The Rev. Canon Lloyd S. Casson is Rector Emeritus of Saints Andrew and Matthew, having served as its first rector. He was honored by the community and his parish when he officially retired on June 3, 2007, after 43 years of ministry in the Episcopal Church.
A native Delawarean, Canon Casson served for ten years as the rector of the Episcopal Church of Saints Andrew and Matthew, a unique parish formed out of the consolidation of two historic Episcopal churches in Wilmington, one with a predominantly white membership and the other predominantly black. As the chief pastor, Canon Casson provided spiritual and administrative leadership to this new congregation, which continues to be an instrument of reconciliation and diversity.
Canon Casson has also been involved in community affairs and world issues. He works with Pacem in Terris and Stand Up for What’s Right and Just (SURJ) in the Wilmington area on issues of peace and justice, and criminal justice reform. He is a board member of the Brandywine Pastoral Institute. From 2011 to 2015, he was president of the school board of Reach Academy for Girls, a charter school in Delaware.
Canon Casson has been and continues to be active in the Episcopal Diocese of Delaware, the Episcopal Church of the United States, and in national and international affairs. In his work, Canon Casson traveled extensively throughout Europe, Africa, India, the Caribbean, Central and South America. Most recently, he participated in an international conference on global poverty and HIV/AIDS in Blocksburg, South Africa, involving 400 representatives from churches of the worldwide Anglican Communion.
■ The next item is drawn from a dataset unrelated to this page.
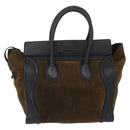 CELINE Luggage Medium Hand Bag Suede Leather Beige Gold black Auth mr3170A-3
Canon Casson began his long pastoral career as the Associate Rector of St. Andrew’s Episcopal Church and as the Rector of St. Matthew’s Church, both in Wilmington. Also during this period in the late 1960s and early 1970s, his community activities included serving as president of the Wilmington Board of Education.
He has also served at several parishes in New York City, as Canon Missioner at the Washington National Cathedral, and as the Social Justice Officer for the Episcopal Church Center in New York.
CANON CASSON COMPLETES THE LIVING SCHOOL
The Living School for Action and Contemplation offers a unique opportunity to a select group of students to deepen engagement with their truest selves and with the world. Students discover their authentic identity and grow their capacity to embody this calling in the world. Through rigorous study and contemplative practice, they awaken to the pattern of reality-God’s loving presence with and in all things and embrace a rich heritage of faith from the Christian mystical tradition. Canon Casson completed this program, led by Richard Rohr, on September 17, 2020 in a virtual “sending ceremony”.
Video
- Voices of the Elders: Stories of African Americans in Delaware
- In the above video, the Delaware Historical Society interviews Canon Casson about his life in Wilmington. Many vintage photographs illustrate this 40-minute biography.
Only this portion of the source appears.